__What needs to be done__. Set down a faithful copy of every record below, with no images.

Material supplied Block Start

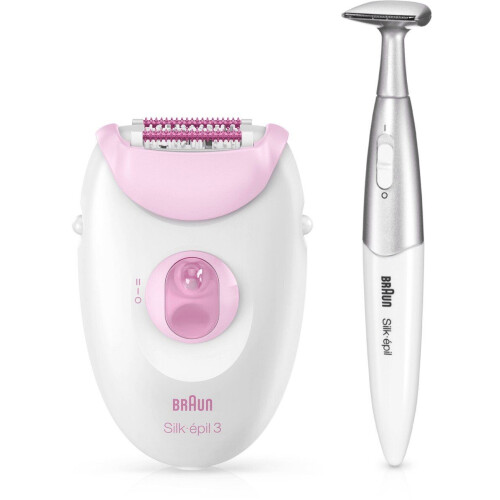 Braun Silk-épil 3 - SE3-321 - Epilator (20 pincetten) met massagerollers + bikini trimmer - Roze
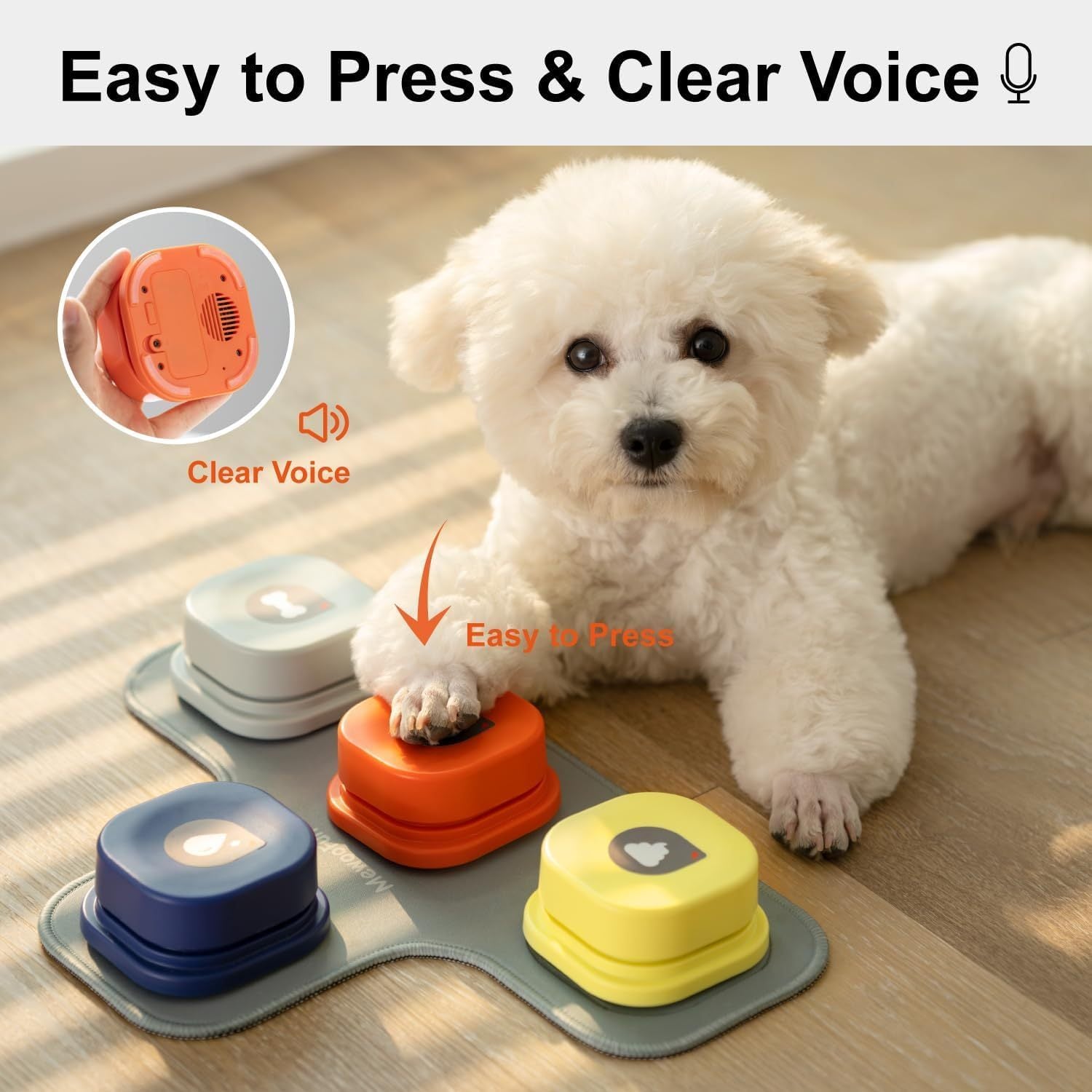 Dog Talking Buttons Set - 3 Recordable Communication Buttons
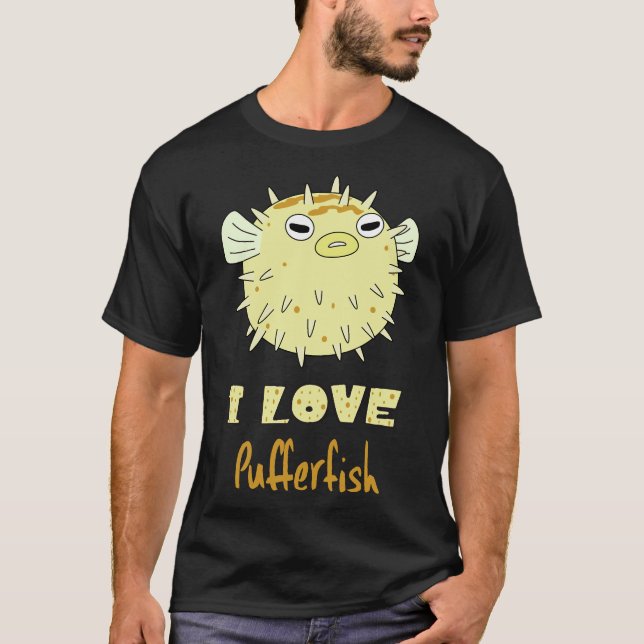 Cute Pufferfish Fishing T Shirt (Framsida)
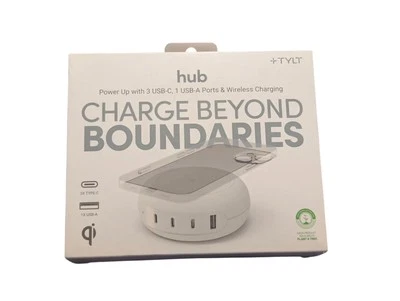 Hub PD R2.N TYLT (100W) multiporta USB-C/USB-A com carregamento sem fio PWRHUB100W-T - Imagem 1 de 2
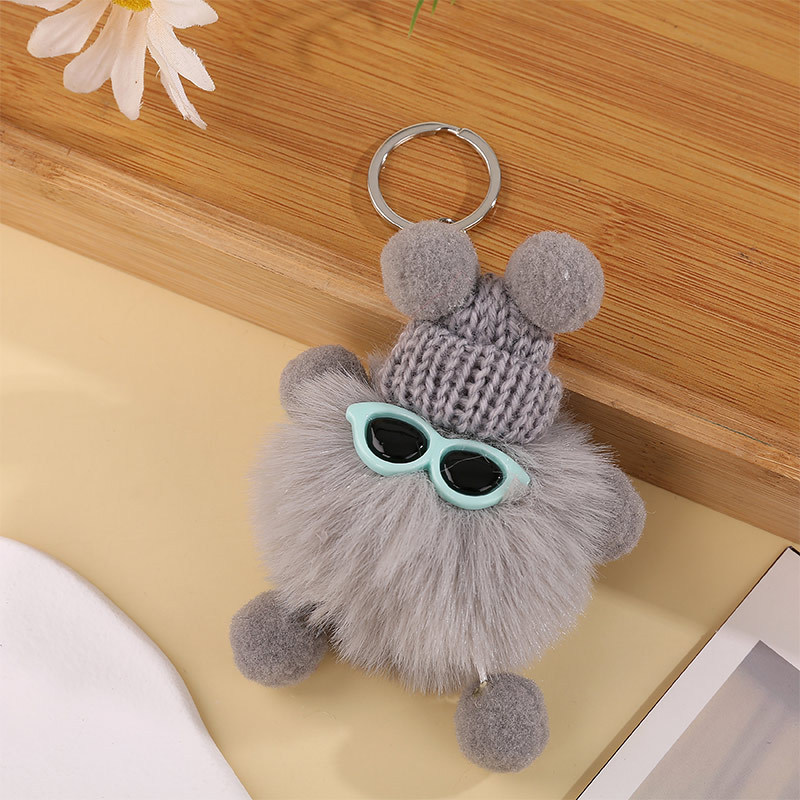 Hot cute elf key chain plush pendant cartoon small coal ball doll bag decoration small pendant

Material supplied Block End

__Result of the task__.
 Braun Silk-épil 3 - SE3-321 - Epilator (20 pincetten) met massagerollers + bikini trimmer - Roze
 Dog Talking Buttons Set - 3 Recordable Communication Buttons
 Cute Pufferfish Fishing T Shirt (Framsida)
 Hub PD R2.N TYLT (100W) multiporta USB-C/USB-A com carregamento sem fio PWRHUB100W-T - Imagem 1 de 2
 Hot cute elf key chain plush pendant cartoon small coal ball doll bag decoration small pendant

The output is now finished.